Records excerpted from a collection
════════

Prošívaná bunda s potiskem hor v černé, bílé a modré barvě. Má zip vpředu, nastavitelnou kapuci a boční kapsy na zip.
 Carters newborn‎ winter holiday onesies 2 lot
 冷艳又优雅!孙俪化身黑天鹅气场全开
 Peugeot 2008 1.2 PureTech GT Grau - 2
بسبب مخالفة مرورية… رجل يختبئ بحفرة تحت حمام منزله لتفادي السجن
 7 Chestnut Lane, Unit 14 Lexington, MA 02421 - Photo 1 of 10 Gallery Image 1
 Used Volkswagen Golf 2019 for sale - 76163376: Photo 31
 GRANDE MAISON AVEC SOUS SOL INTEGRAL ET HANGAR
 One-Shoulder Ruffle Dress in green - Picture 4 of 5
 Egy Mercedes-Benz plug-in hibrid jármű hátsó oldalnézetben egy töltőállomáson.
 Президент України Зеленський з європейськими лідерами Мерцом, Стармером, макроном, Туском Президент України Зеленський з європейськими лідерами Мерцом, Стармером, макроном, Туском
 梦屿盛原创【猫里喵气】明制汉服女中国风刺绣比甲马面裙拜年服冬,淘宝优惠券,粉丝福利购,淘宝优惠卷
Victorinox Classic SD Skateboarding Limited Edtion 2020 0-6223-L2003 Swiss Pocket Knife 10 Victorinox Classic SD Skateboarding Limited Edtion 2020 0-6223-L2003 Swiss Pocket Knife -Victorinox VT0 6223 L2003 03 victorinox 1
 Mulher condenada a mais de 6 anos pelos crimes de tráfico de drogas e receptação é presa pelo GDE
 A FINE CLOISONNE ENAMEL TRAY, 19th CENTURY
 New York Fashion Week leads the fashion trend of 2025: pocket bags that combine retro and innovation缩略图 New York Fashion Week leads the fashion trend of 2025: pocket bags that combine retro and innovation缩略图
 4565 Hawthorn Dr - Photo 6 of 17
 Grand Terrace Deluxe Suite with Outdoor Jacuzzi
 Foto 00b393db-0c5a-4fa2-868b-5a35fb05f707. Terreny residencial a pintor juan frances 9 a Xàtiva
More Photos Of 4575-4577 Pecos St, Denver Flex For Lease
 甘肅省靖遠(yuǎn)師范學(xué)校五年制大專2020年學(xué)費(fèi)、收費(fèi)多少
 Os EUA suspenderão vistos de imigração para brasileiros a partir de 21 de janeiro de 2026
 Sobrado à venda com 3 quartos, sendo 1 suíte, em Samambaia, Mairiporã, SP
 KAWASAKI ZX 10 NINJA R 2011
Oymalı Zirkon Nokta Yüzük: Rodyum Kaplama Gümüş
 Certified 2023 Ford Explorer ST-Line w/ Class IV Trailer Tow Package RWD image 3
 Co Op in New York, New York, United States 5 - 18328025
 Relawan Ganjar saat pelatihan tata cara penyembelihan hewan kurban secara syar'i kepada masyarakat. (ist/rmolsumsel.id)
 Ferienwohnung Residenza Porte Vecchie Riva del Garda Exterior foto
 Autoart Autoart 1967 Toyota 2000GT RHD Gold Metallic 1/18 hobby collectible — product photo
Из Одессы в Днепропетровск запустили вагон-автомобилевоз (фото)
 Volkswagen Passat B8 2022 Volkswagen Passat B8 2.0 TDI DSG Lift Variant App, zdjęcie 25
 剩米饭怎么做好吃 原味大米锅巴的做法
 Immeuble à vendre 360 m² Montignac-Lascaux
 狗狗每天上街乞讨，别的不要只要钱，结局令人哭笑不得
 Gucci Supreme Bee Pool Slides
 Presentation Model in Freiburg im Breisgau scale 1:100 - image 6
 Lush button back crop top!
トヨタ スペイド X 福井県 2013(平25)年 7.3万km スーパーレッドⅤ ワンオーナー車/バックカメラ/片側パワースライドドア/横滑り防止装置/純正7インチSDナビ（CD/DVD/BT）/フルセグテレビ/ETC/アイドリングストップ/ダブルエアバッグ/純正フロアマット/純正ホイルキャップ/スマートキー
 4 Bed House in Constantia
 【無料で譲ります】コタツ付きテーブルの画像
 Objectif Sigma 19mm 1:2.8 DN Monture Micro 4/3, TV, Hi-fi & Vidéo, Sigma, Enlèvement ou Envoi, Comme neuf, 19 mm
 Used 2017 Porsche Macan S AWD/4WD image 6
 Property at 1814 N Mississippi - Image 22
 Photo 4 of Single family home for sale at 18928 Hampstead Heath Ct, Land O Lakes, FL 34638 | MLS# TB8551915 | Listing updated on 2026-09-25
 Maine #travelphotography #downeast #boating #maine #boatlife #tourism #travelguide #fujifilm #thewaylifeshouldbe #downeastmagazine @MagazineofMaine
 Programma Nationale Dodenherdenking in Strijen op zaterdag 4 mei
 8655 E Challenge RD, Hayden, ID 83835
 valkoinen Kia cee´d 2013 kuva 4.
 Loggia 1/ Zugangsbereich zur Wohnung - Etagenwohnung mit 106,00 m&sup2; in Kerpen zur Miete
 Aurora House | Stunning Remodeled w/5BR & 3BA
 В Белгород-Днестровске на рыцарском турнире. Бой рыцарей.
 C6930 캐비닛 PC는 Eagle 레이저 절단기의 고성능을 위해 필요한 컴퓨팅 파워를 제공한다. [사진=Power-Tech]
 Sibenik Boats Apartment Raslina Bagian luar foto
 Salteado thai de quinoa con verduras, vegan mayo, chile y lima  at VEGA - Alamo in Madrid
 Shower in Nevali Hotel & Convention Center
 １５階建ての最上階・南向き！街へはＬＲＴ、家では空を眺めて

════════

To do
Among the entries above, the lines between the ones containing "Maine #travelphotography #downeast" and "valkoinen Kia cee´d 2013 kuva 4.", inclusive, are to be transcribed exactly. No other line is to be given.

Exercise response
 Maine #travelphotography #downeast #boating #maine #boatlife #tourism #travelguide #fujifilm #thewaylifeshouldbe #downeastmagazine @MagazineofMaine
 Programma Nationale Dodenherdenking in Strijen op zaterdag 4 mei
 8655 E Challenge RD, Hayden, ID 83835
 valkoinen Kia cee´d 2013 kuva 4.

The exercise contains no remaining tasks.